Waldman’s group, Report for America, has raised philanthropic money to support 300 reporters nationally, 40 percent of whom are journalists of color. Waldman notes that “when the local news system collapses,” the “health of the community is at stake,” adding, “The nonprofit sector is going to have to play a bigger role in local media. I don’t just mean big philanthropists, [but also] nonprofit groups, small donors, and community foundations. Community media won’t survive without the support of the community.”
Waldman observes that philanthropic funding has gone up by about $200 million a year, but that intervention of $1-2 billion a year is needed. More broadly, Waldman advocates for a combination of community, philanthropic support, and some form of government support, such as tax credits.
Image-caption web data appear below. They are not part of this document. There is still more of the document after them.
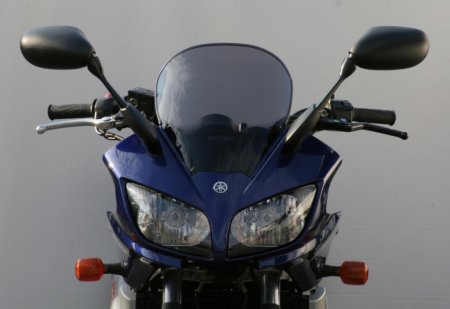   Yamaha FZS 1000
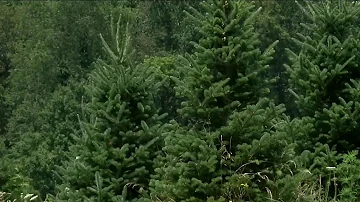 Hot, dry weather could impact Christmas tree farms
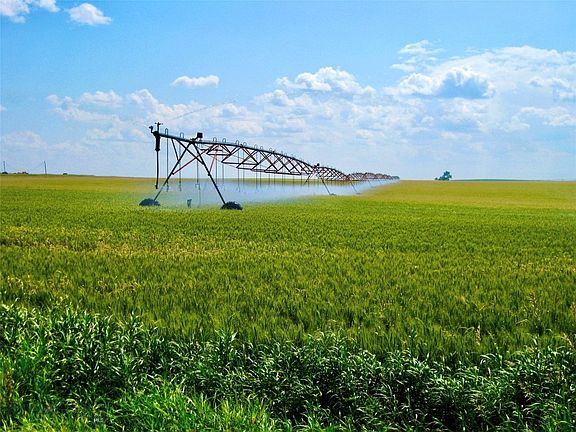 2nd image of Buena Vista Rd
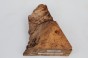 Wiąz Kaukaski Caucasian Elm czeczot burl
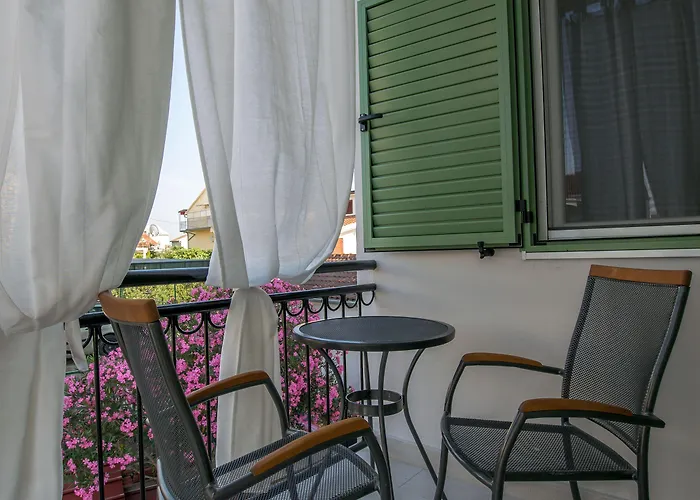 Gambera 피로바츠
For his part, Silver was optimistic that some of that $88 billion from PNC could qualify to support local journalism. If what is being sought are small business loans of less than $1 million, those would qualify as a form of small business lending. But if a local media outlet, provided it is under community ownership, needs “a loan or investment for more than $1 million, I think you can make a strong case that the information is critical to the survival of their communities. You can make a case that it should qualify under CRA.” Silver adds that CRA regulations are slated for revision in 2021, provided an opportunity for the public to weigh in.
Journalism is important, but Kalita notes that “the word ‘journalism’ to many communities tends to be a repellant, or a great unknown.” Mitra adds, “Journalism feels a little self-congratulatory. It conveys a way of doing things. We have to shift to provide the right information with the right delivery models.” The danger, she adds, is to revert to “the nostalgia of six tabloid papers in New York City” and pretend that, everything was great. “It was not great,” she reminds the group.
Powell adds that a key part of rebuilding journalism for economic justice requires redefining who is the audience for journalism.
I want to go back to that concept of redlining.… While there was redlining in terms of housing, there was also redlining in terms of news and information. You had publishers of daily and regional news outlets intentionally deciding to produce news information for very affluent, upwardly mobile people. That meant excluding whole parts of their community. And so when we talk about how we fund in the future going forward, we have to keep in mind community ownership, community participation, and, dare I say, community partnership.
Fortman adds, “We are in the Wild West.… I think it is going to look a lot different than it looks today. You’re going to have a lot more small newsrooms, and I really hope you’re going to have a lot more community-based newsrooms.”
Powell concluded by reinforcing this point: “Smaller and independent is important. But also understanding that information is not from the top down anymore. It is not even necessarily from the bottom up. It is what I call circular and horizontal. It is completed with feedback loops and really listening to the community and responding to community needs.”